Output only the lines below from the one holding "(8k, 16k, Award-winning, Dynamic,best" down to the one holding "アナグラム ショルダーバッグ キャンバス", both end lines included and every picture dropped.

▶ _GIVEN DATA_:
-- Opening Marker --

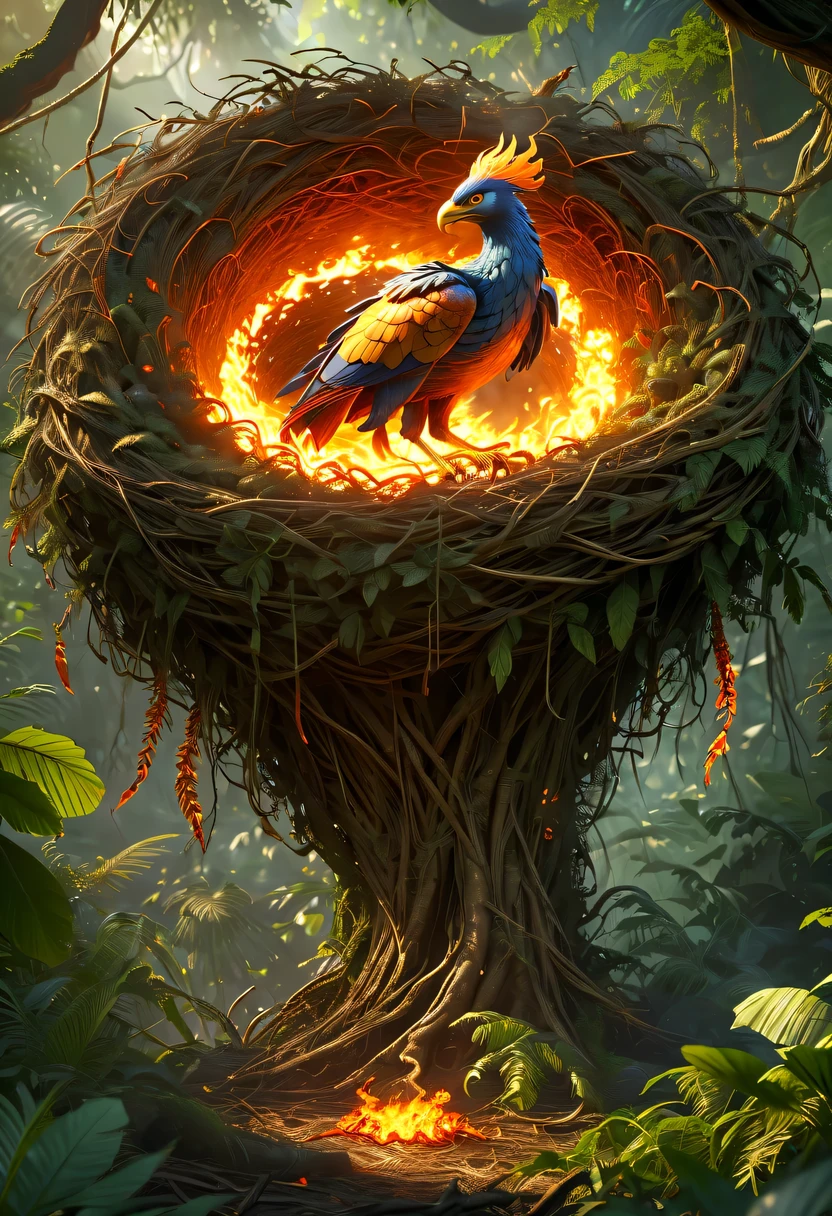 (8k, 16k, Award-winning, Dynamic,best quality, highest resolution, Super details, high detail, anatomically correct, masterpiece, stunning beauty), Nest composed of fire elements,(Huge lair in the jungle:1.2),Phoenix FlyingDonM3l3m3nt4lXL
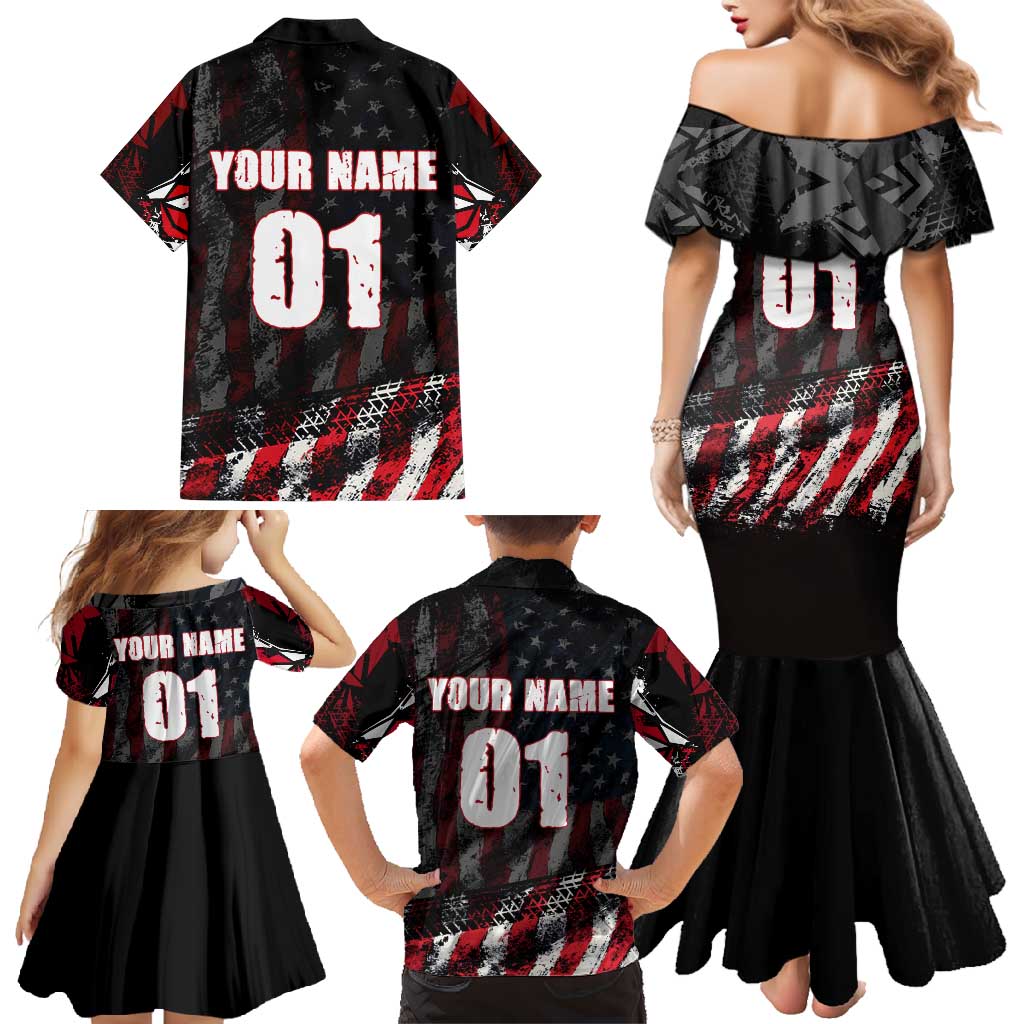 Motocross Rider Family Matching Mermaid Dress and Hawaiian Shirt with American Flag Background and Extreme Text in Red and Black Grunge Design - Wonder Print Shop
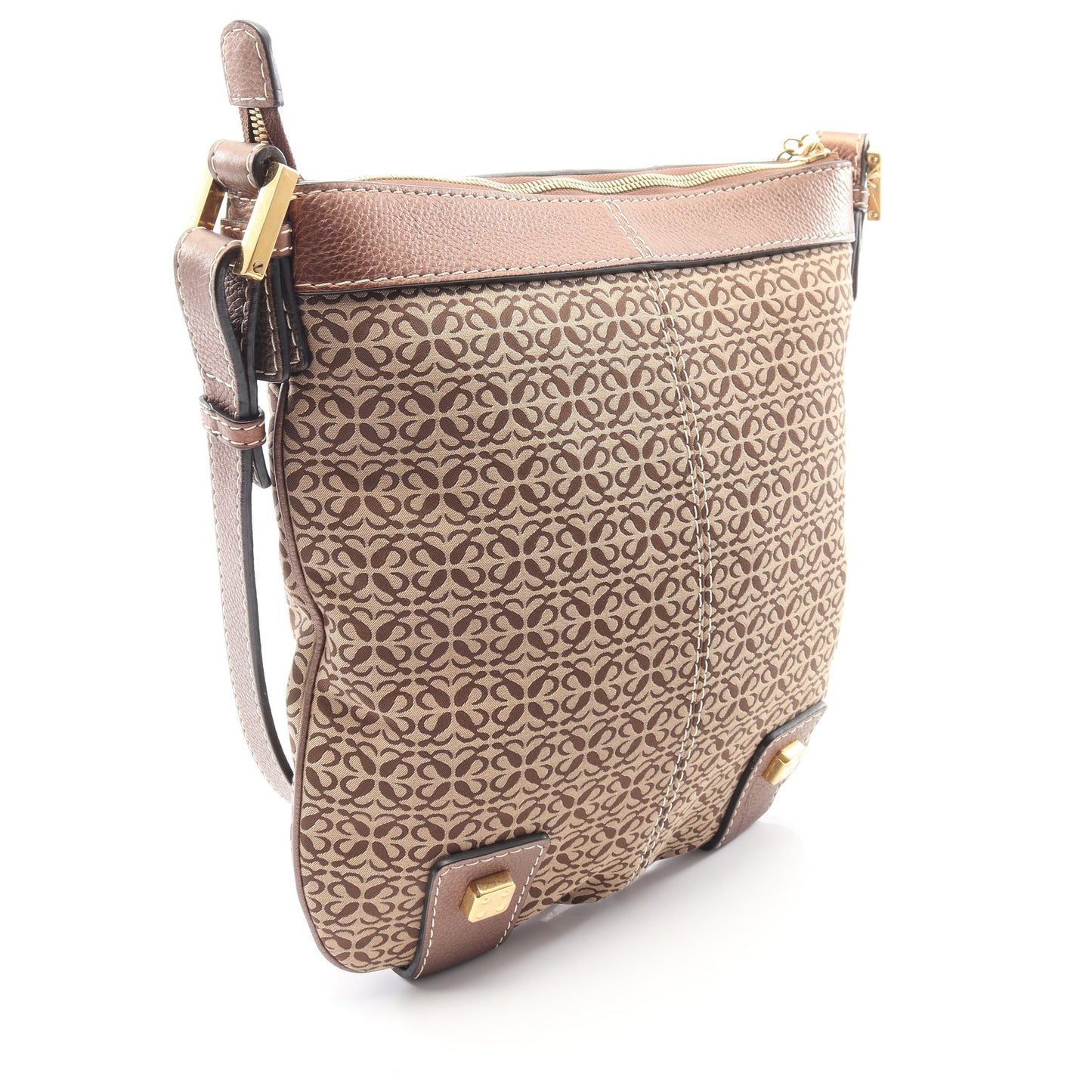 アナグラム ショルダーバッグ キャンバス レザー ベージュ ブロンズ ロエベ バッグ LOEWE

-- Closing Marker --
-- Opening Marker --

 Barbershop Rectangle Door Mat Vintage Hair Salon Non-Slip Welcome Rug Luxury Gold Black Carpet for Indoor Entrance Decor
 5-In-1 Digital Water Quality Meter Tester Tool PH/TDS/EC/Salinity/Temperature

-- Closing Marker --

▶ _EXERCISE OUTPUT_:
 (8k, 16k, Award-winning, Dynamic,best quality, highest resolution, Super details, high detail, anatomically correct, masterpiece, stunning beauty), Nest composed of fire elements,(Huge lair in the jungle:1.2),Phoenix FlyingDonM3l3m3nt4lXL
 Motocross Rider Family Matching Mermaid Dress and Hawaiian Shirt with American Flag Background and Extreme Text in Red and Black Grunge Design - Wonder Print Shop
 アナグラム ショルダーバッグ キャンバス レザー ベージュ ブロンズ ロエベ バッグ LOEWE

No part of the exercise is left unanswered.